'''
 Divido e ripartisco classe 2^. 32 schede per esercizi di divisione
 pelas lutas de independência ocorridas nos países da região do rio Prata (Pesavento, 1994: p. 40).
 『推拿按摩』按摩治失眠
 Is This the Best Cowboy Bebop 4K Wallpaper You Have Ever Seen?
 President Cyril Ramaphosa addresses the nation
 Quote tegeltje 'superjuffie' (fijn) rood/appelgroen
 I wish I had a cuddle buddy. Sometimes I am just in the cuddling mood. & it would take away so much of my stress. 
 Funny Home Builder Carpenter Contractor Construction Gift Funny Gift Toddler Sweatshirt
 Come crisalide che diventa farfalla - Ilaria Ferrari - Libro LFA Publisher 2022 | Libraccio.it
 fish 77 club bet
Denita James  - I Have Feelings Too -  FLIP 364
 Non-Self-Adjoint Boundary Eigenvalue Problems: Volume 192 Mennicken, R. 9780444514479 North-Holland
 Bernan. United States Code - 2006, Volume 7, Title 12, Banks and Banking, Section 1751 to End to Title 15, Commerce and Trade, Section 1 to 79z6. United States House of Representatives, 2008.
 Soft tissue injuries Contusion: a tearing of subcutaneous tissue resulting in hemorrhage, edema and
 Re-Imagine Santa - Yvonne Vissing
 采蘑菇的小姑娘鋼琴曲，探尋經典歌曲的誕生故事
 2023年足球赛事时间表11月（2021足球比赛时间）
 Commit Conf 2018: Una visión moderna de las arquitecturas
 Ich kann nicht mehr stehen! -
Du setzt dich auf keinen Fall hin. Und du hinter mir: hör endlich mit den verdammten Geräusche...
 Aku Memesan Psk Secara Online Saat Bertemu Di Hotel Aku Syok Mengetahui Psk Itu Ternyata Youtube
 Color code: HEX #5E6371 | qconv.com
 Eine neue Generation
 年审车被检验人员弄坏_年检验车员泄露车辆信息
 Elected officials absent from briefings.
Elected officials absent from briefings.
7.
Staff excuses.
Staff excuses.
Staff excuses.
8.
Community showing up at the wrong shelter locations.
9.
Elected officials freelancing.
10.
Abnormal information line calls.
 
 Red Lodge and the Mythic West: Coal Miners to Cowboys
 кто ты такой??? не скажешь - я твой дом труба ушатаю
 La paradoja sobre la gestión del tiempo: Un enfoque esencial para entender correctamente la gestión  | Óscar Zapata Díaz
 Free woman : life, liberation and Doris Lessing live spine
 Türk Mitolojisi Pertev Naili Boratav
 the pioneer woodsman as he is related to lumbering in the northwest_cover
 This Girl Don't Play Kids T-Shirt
'''
▶ [DIRECTIONS]: Repeat the data above. Change nothing.

▶ [RESULT BELOW]:
 Divido e ripartisco classe 2^. 32 schede per esercizi di divisione
 pelas lutas de independência ocorridas nos países da região do rio Prata (Pesavento, 1994: p. 40).
 『推拿按摩』按摩治失眠
 Is This the Best Cowboy Bebop 4K Wallpaper You Have Ever Seen?
 President Cyril Ramaphosa addresses the nation
 Quote tegeltje 'superjuffie' (fijn) rood/appelgroen
 I wish I had a cuddle buddy. Sometimes I am just in the cuddling mood. & it would take away so much of my stress. 
 Funny Home Builder Carpenter Contractor Construction Gift Funny Gift Toddler Sweatshirt
 Come crisalide che diventa farfalla - Ilaria Ferrari - Libro LFA Publisher 2022 | Libraccio.it
 fish 77 club bet
Denita James  - I Have Feelings Too -  FLIP 364
 Non-Self-Adjoint Boundary Eigenvalue Problems: Volume 192 Mennicken, R. 9780444514479 North-Holland
 Bernan. United States Code - 2006, Volume 7, Title 12, Banks and Banking, Section 1751 to End to Title 15, Commerce and Trade, Section 1 to 79z6. United States House of Representatives, 2008.
 Soft tissue injuries Contusion: a tearing of subcutaneous tissue resulting in hemorrhage, edema and
 Re-Imagine Santa - Yvonne Vissing
 采蘑菇的小姑娘鋼琴曲，探尋經典歌曲的誕生故事
 2023年足球赛事时间表11月（2021足球比赛时间）
 Commit Conf 2018: Una visión moderna de las arquitecturas
 Ich kann nicht mehr stehen! -
Du setzt dich auf keinen Fall hin. Und du hinter mir: hör endlich mit den verdammten Geräusche...
 Aku Memesan Psk Secara Online Saat Bertemu Di Hotel Aku Syok Mengetahui Psk Itu Ternyata Youtube
 Color code: HEX #5E6371 | qconv.com
 Eine neue Generation
 年审车被检验人员弄坏_年检验车员泄露车辆信息
 Elected officials absent from briefings.
Elected officials absent from briefings.
7.
Staff excuses.
Staff excuses.
Staff excuses.
8.
Community showing up at the wrong shelter locations.
9.
Elected officials freelancing.
10.
Abnormal information line calls.
 
 Red Lodge and the Mythic West: Coal Miners to Cowboys
 кто ты такой??? не скажешь - я твой дом труба ушатаю
 La paradoja sobre la gestión del tiempo: Un enfoque esencial para entender correctamente la gestión  | Óscar Zapata Díaz
 Free woman : life, liberation and Doris Lessing live spine
 Türk Mitolojisi Pertev Naili Boratav
 the pioneer woodsman as he is related to lumbering in the northwest_cover
 This Girl Don't Play Kids T-Shirt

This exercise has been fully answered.